The optode arrays were positioned on the participant’s head so as to ensure good coverage of the STC. Optode positioning was guided by the International 10-20 System (Jasper 1958) to promote consistency across participants and test sessions. Specifically, on each side, the lowermost source optode was placed as close as possible to the pre-auricular point, with the uppermost source optode aligned towards Cz. Consistency of optode positioning across test sessions at the individual level was further ensured by reference to photographs taken during the initial testing session.
To evaluate the consistency of optode positioning across individuals, the procedure was piloted on six adult volunteers who did not take part in the main experiment. After positioning the arrays as described above, the optode positions, plus anatomical surface landmarks, were recorded using the Hitachi ETG-4000’s electromagnetic 3D Probe Positioning Unit. For each volunteer, the digitised optode positions were registered to a standard atlas brain, ‘Colin27’(Collins et al. 1998), using the AtlasViewer tool (Aasted et al. 2015), allowing their locations to be visualised relative to underlying cortical anatomy. The standard deviation in the position of each optode was between 2.9 and 8.8 mm. Assessment of the mean optode positions suggested that the array provided good coverage of STC (Fig. 1).
Definition of Region of Interest
The region of interest (ROI) was the posterior portion of bilateral superior temporal cortex (STC), based on evidence that speech is processed in the temporal lobes bilaterally (Hickok and Poeppel 2007) and that fNIRS responses to speech are also expressed bilaterally in these regions (Wiggins et al. 2016). Examples of deafness-induced cross-modal plasticity have been reported in both hemispheres (Buckley and Tobey 2011; Chen et al. 2016; Doucet et al. 2006; Strelnikov et al. 2013); however, the precise role of plasticity in each hemisphere remains uncertain (Anderson et al. 2017a). Therefore, in the first instance, we examined activation bilaterally. However, recognising that each hemisphere has a different specialisation with regard to speech processing (Cardin et al. 2013; Hall et al. 2005; Lazard et al. 2012b; Zatorre and Belin 2001), in follow-up analyses, we examined each hemisphere separately.
In order to assess the sensitivity of our fNIRS measurements to the underlying cortical regions, using the AtlasViewer tool (Aasted et al. 2015), a Monte Carlo code for simulating the probabilistic path of photon migration through the head (Boas et al. 2002) (‘tMCimg’) was run with 1 × 107 simulated photons launched from each optode position. The resultant sensitivity profiles suggested that channels #9, 10 and 12 (left hemisphere) and channels #20, 21 and 23 (right hemisphere) provided appropriate sensitivity to the posterior portion of STC (as reported in references (Anderson et al. 2017b; Wiggins et al. 2016)).

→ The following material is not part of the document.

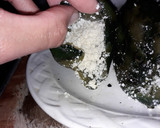 Foto del paso 2 de la receta: Poblano relleno de queso en salsa de jocoque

Behavioural Test of Speech Understanding
The CUNY (City University of New York) Sentence Lists (Boothroyd et al. 1985) were employed to obtain a measure of speech understanding. The CUNY corpus was employed primarily due to its routine use as a clinical outcome measure by CI programmes across the UK. Additionally, this corpus was not presented during fNIRS scanning, thus helping to limit training effects within and across testing sessions. The CUNY Sentence Lists include 25 standardised lists each comprising 12 sentences that vary in length and topic. Each list contains between 101 and 103 words spoken by a male talker. Two CUNY lists (i.e. 24 sentences) were randomly selected without replacement for presentation in each stimulation condition. Speech understanding was measured in A-ONLY, V-ONLY and AV conditions. However, for the purposes of the present study, we focus only on speechreading ability before implantation (T0) and auditory ability following 6 months of CI use (T1) as a measure of CI outcome. Whilst AV speech recognition is important in everyday life to CI users, traditionally, both pre-operative CI candidacy and post-operative CI outcome are assessed by A-ONLY performance in UK clinics. Separate analysis of AV speech recognition using an additive model is fully reported in CAA’s doctoral thesis (Anderson 2016).
The 24 sentences were presented in random order. After each sentence presentation, the participant was instructed to repeat back all words that they were able to identify. All words correctly reported by the participant were recorded by the researcher on a scoring laptop before initiation of the next trial. The scoring method ignored errors of case or declensions. Prior to commencement of speech understanding testing, all participants completed a short familiarisation run. BKB sentences were employed during the familiarisation run in order to avoid pre-exposure to the CUNY corpus.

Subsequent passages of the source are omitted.